**Task**
Without including any pictures, please copy every entry below exactly.

**Excerpted records**
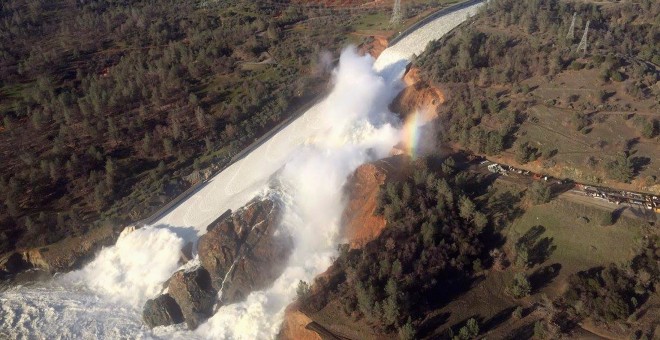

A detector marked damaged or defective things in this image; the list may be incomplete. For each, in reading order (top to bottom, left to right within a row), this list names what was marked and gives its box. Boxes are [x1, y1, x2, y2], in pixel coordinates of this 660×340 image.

damaged spillway [0, 1, 484, 338]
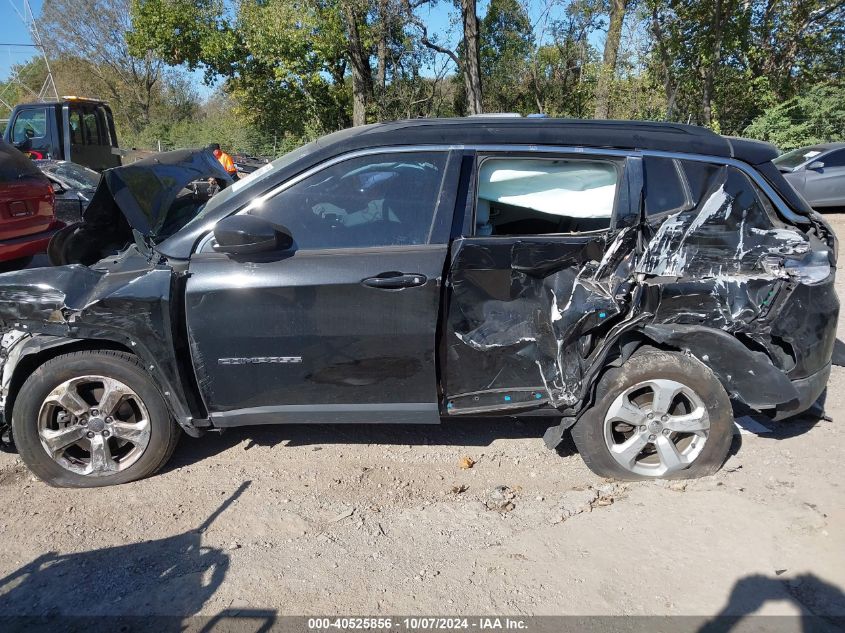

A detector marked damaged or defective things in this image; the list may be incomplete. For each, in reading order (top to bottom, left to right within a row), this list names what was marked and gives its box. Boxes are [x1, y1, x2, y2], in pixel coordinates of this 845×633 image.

damaged black suv [0, 118, 836, 486]
torn sheet metal [446, 165, 836, 418]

**Task answer**
A detector marked damaged or defective things in this image; the list may be incomplete. For each, in reading order (top to bottom, left to right within a row), this list names what was marked and gives its box. Boxes are [x1, y1, x2, y2], in pixel coordinates of this 660×340 image.

damaged spillway [0, 1, 484, 338]

A detector marked damaged or defective things in this image; the list may be incomplete. For each, in reading order (top to bottom, left to right within a row), this list names what was marked and gives its box. Boxes are [x1, y1, x2, y2], in pixel coordinates of this 845×633 image.

damaged black suv [0, 118, 836, 486]
torn sheet metal [446, 165, 836, 418]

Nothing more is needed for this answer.